----- INFORMATION SHOWN -----

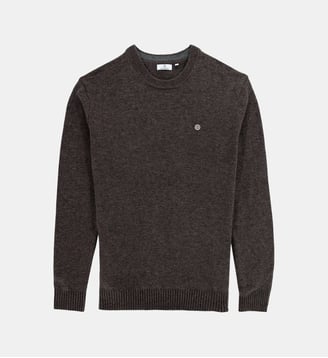 Pull col rond en laine mélangée - Serge Blanco - Marron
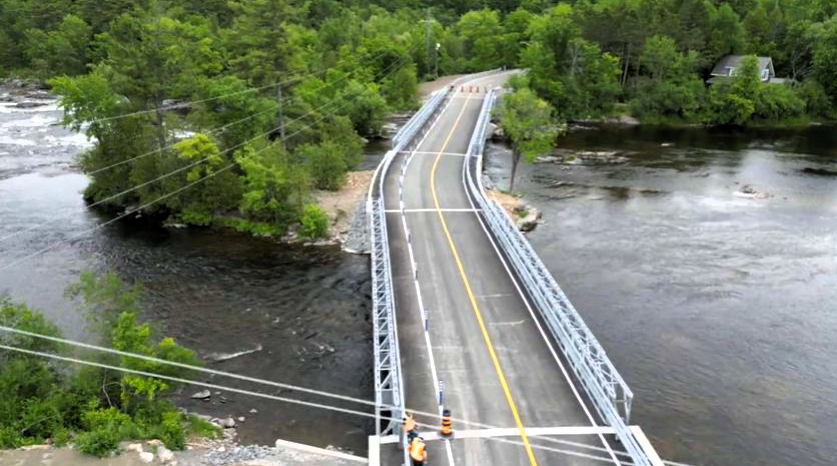 Drone shot of a new bridge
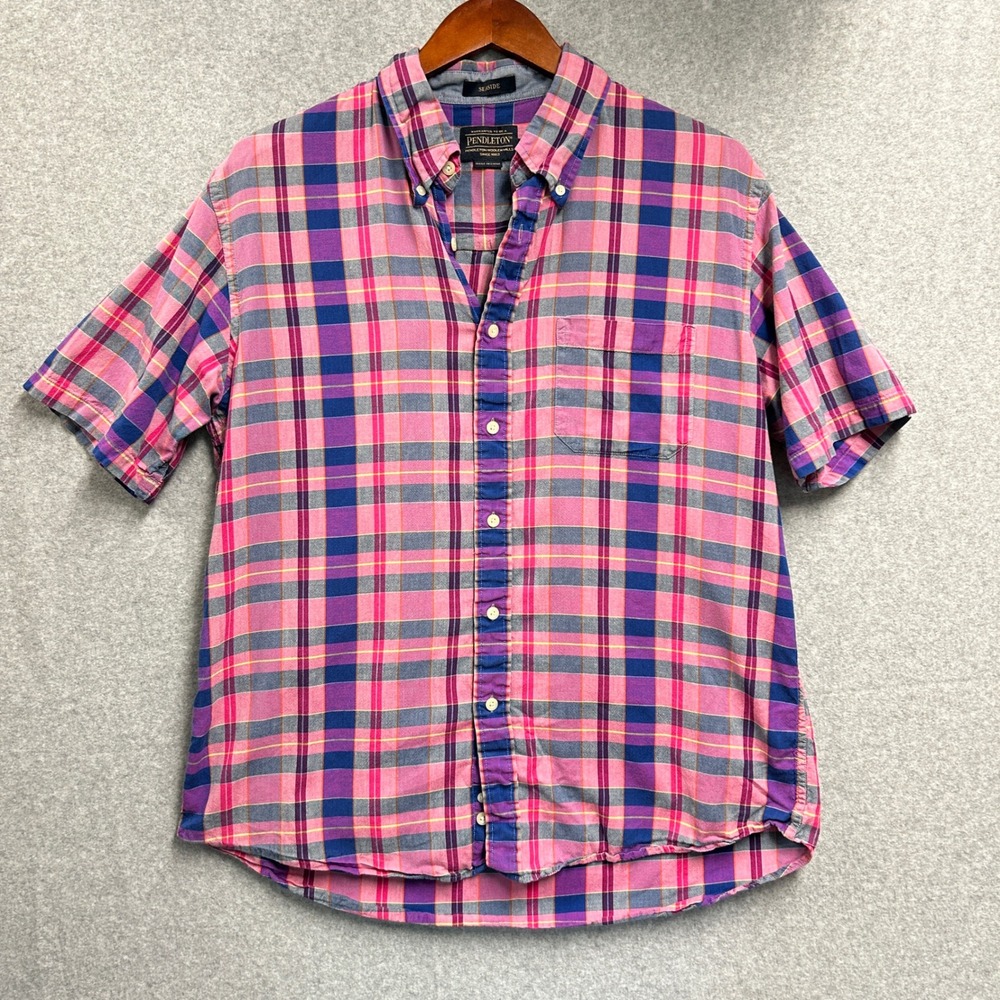 Pendleton Seaside Shirt Pink Purple Plaid Short Sleeve Button Down Mens Large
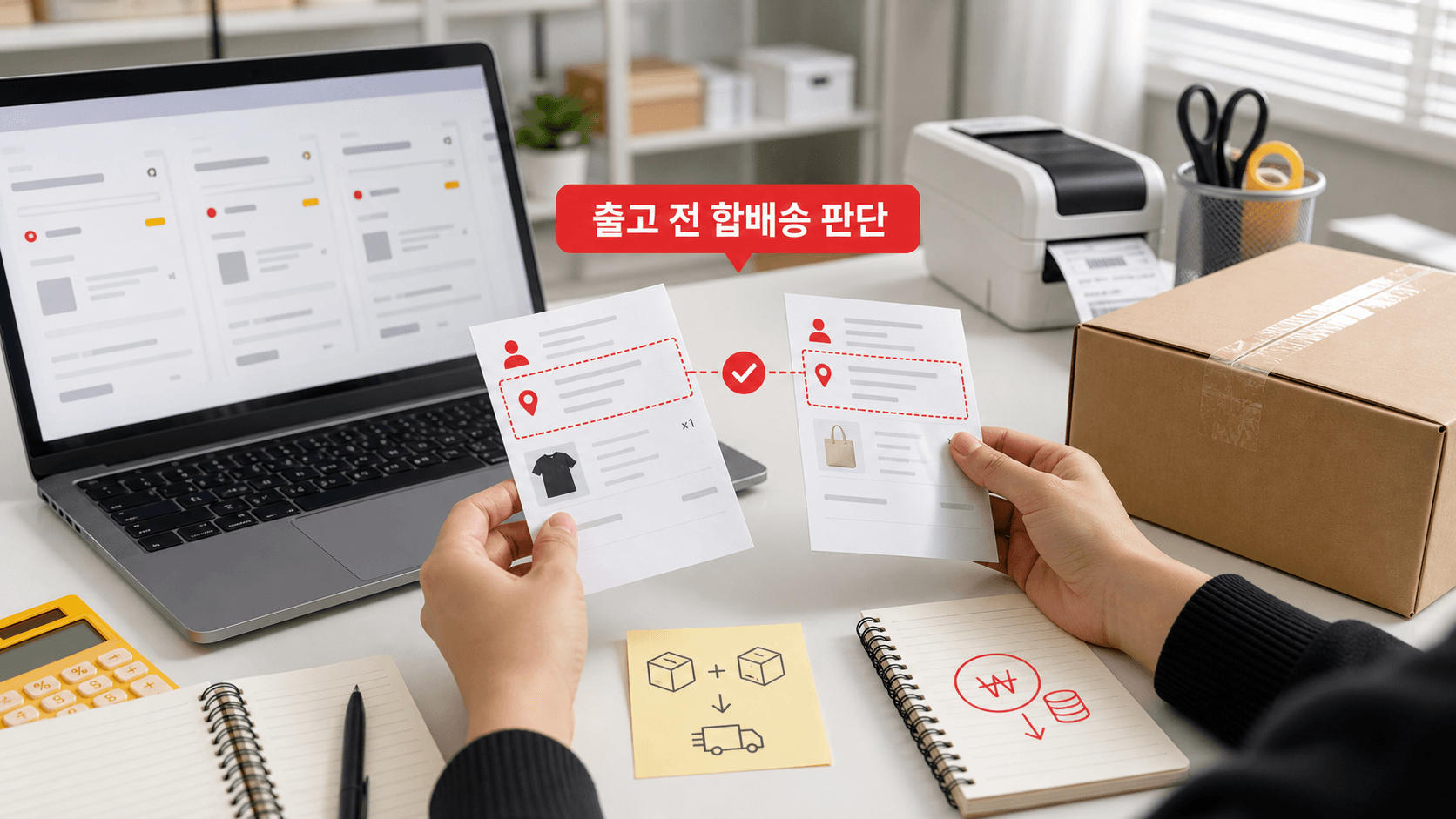 출고 전 합배송 판단 상황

-----

Set down nothing but the lines from the one containing "Drone shot of a new bridge" to the final line above, both included, with every picture left out.

 Drone shot of a new bridge
 Pendleton Seaside Shirt Pink Purple Plaid Short Sleeve Button Down Mens Large
 출고 전 합배송 판단 상황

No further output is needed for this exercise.